- 111 -

«РЕВИЗОР» ГОГОЛЯ

«Несвоевременная» тема еврейского фольклора вызвала недовольство и у руководства. Вскоре после премьеры «Суламифи» Михоэлса пригласили в Комитет по делам искусств, с тем чтобы предложить поставить что-нибудь из русской классики. Например, «Ревизора» Гоголя.

Сколько Михоэлс ни убеждал начальство комитета, что абсурдно ставить Гоголя на еврейском языке, когда рядом, в Малом театре, его так блестяще играют по-русски, ничто не помогало. Тогда Михоэлс заявил: «Хорошо, я это сделаю, но с условием, что вы придете по первому моему зову».

Он сам взялся перевести на идиш первую сцену из «Ревизора», а затем заявил, что намерен принять участие в клубном вечере Дома работников искусств.

Туда-то и устремилась вся театральная Москва, прослышав что Михоэлс и Зускин собираются что-то показать.

 

- 112 -

В первых рядах сидели Немирович-Данченко и Тарханов, Климов и Яблочкина — словом, лучшие актеры старого поколения Художественного и Малого театров.

На сцену вразвалку вышел Осип—Михоэлс и начал знаменитый монолог, известный наизусть каждому сидящему в зале. Но на идише:

«Черт побери, есть так хочется, и в животе трескотня такая, будто бы целый полк затрубил в трубы... Что делать? Профинтил дорогою денежки, голубчик, теперь сидит и хвост подвернул, и не горячится» и т.д.

Отец произносил свой текст, нисколько не комикуя, но акцентируя каждое слово. Затем появился Зускин. Он извивался, летал по сцене, произнося не менее известный диалог Хлестакова.

Оба играли блестяще. Публика стонала от смеха. Им долго не давали уйти со сцены.

Хитрость удалась: неожиданно гротескное звучание гоголевского текста на идише сделало свое дело. К Михоэлсу больше не приставали с русским классическим репертуаром.

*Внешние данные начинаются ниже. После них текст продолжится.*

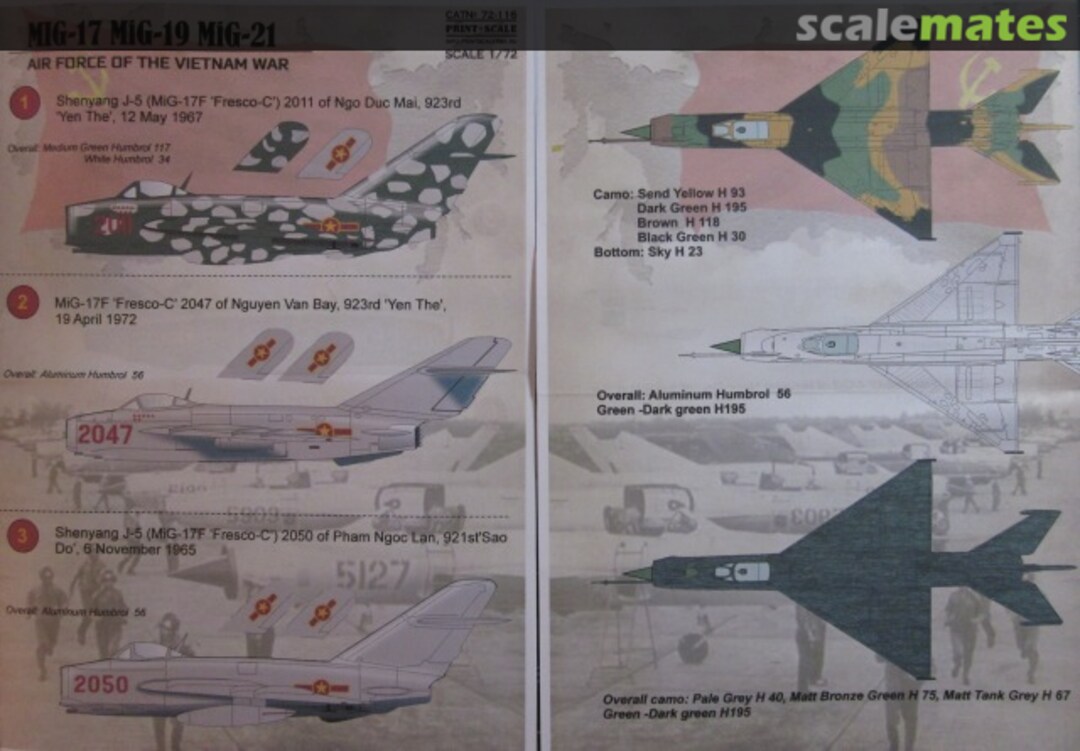 Boxart MiG-17, MiG-19, MiG-21 72-116 Print Scale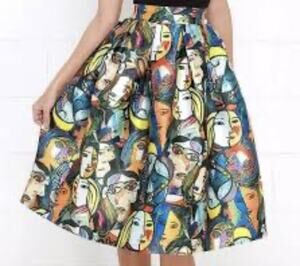 Banjul Picasso Style Colorful Face Art Flare Poofy Skirt ~ Lined ~ Size Small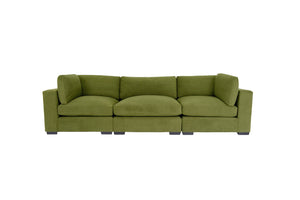 Homeroots 126" Moss Green Polyester Sofa With Black Legs   530499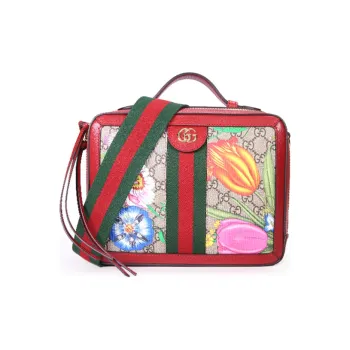 GUCCI Canvas With Leather Portable Crossbody Bag Shoulder Bag Women's Ebony Red & Multicolor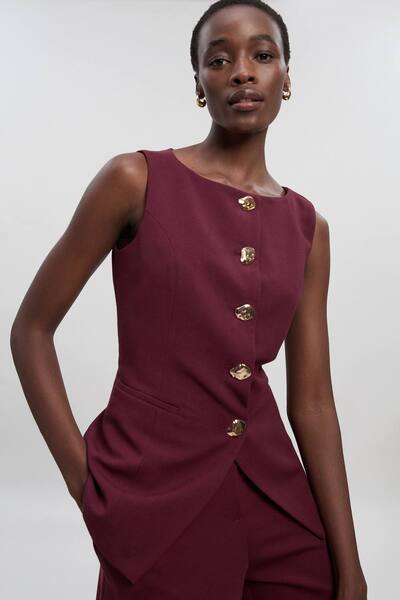  Karenmillen Compact Essential Button Detail Waistcoat, Merlot 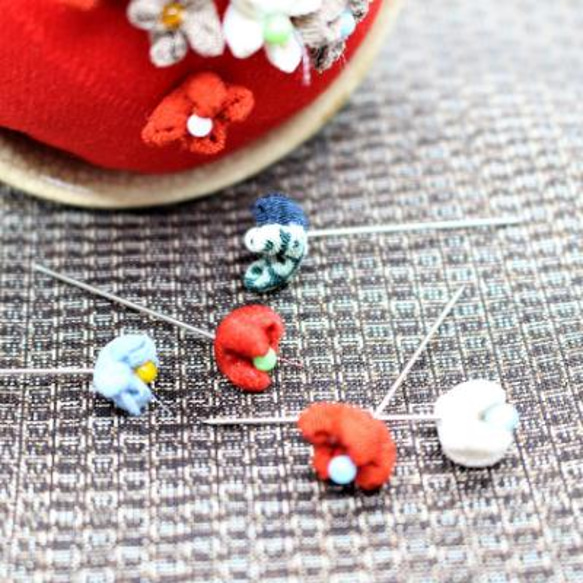 おちょこ針山　ピンクッション　CO-015　待ち針10本セット 9枚目の画像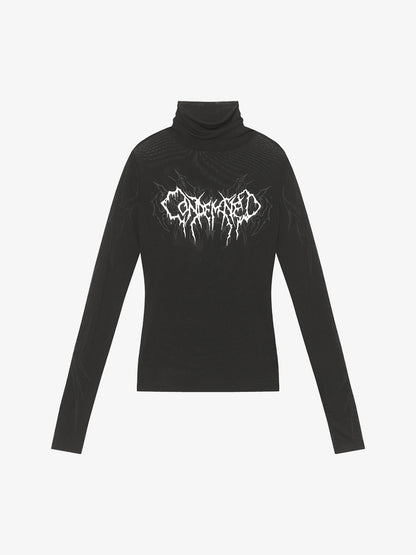 High-Neck Graphic Long Sleeve Top for Modern Streetwear Enthusiasts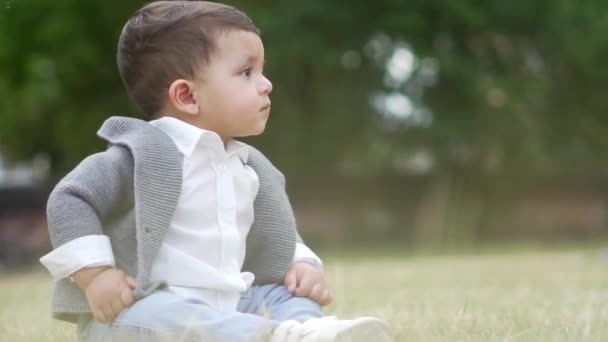 Cute Asian Pakistani Baby Boy Posing Local Park England — стокове відео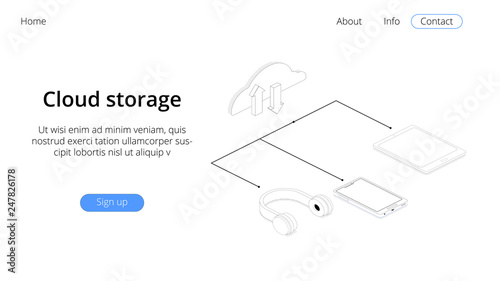 Landing page template. Programming course modern flat design isometric concept. Landing page template for online course. Conceptual isometric vector illustration for web and graphic design.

Здесь я должна сделать оговорку — Михоэлс по-настоящему глубоко понимал и любил русскую литературу и поэзию. Память у него была великолепная, и он нередко читал нам наизусть Пушкина, Тютчева, Лермонтова и Блока, Фета и Бальмонта. По существу, именно он научил меня любить Гоголя и Салтыкова-Щедрина, Лескова и Достоевского. Его отказ ставить русскую классику на идише объяснялся абсурдностью самого требования, ибо в России те же пьесы идут в оригинальном русском варианте в блестящем исполнении русских актеров.

«Как я могу играть русских, когда даже руки, даже пальцы у меня еврейские», — он вытягивал руки со своими короткими выразительными пальцами, «знаменитые руки Михоэлса», как вспоминают те, кто его видел.

Свою абсолютную принадлежность к еврейству Михоэлс привносил во все: начиная с ролей, когда Лира он трактовал как вариант Иова, и кончая официальными выступлениями, где он нередко цитировал совсем непопулярную тогда Библию.